“I like putting really long silences into my plays. Crazy stuff happens during silences at the theater. The audience suddenly becomes aware of itself, and a little weirded out and uncomfortable, and maybe someone coughs and whispers, but if the silence goes on long enough eventually people adjust to it and get kind of comfortable and zen and find their own way back into the reality of the play. And that moment—when an entire audience is relaxed and breathless together in a silence, when time slows down and then starts to speed up again—is very magical to me.”
Annie Baker’s Author’s Note for her play BODY AWARENESS
Some Sontag:
“So far as he is serious, the artist is continually tempted to sever the dialogue he has with an audience. Silence is the furthest extension of that reluctance to communicate, that ambivalence about making contact with the audience which is a leading motif of modern art, with its tireless commitment to the “new” and/or the “esoteric” Silence is the artist’s ultimate other-worldly gesture; by silence, he frees himself from servile bondage to the world, which appears as patron, client, audience, antagonist, arbiter, and distorter of his work.”
(…)
“Committed to the idea that the power of art is located in its power to negate, the ultimate weapon in the artist’s inconsistent war with his audience is to verge closer and closer to silence. The sensory or conceptual gap between the artist and his audience, the space of the missing or ruptured dialogue, can also constitute the grounds for an ascetic affirmation.
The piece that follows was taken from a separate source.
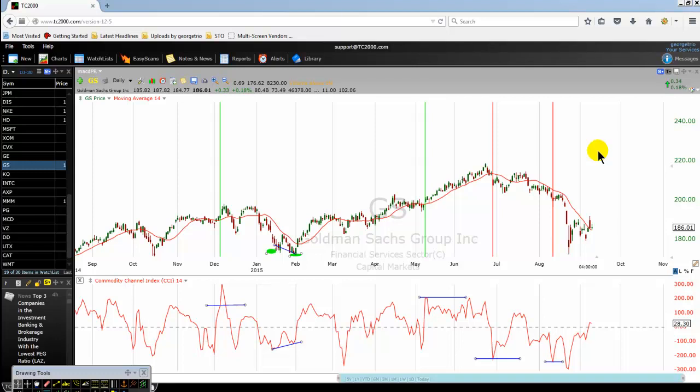How to trade bullish CCI indicator unfamiliar divergences like a pro. Good morning, good afternoon, good evening — bonjour, bonsoir mes amis, guten morgen, guten tag. For those of you who are new to us, we are TS CCI Pro Traders and our website is www.dayprotraders.com.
Samuel Beckett speaks of “my dream of an art unresentful of its insuperable indigence and too proud for the farce of giving and receiving.” But there is no abolishing a minimal transaction, a minimal exchange of gifts, just as there is no talented and rigorous asceticism that doesn’t produce a gain (rather than a loss) in the capacity for pleasure.”
“Silence is a prophecy, one which the artist’s actions can be understood as attempting to fulfill and to reverse.”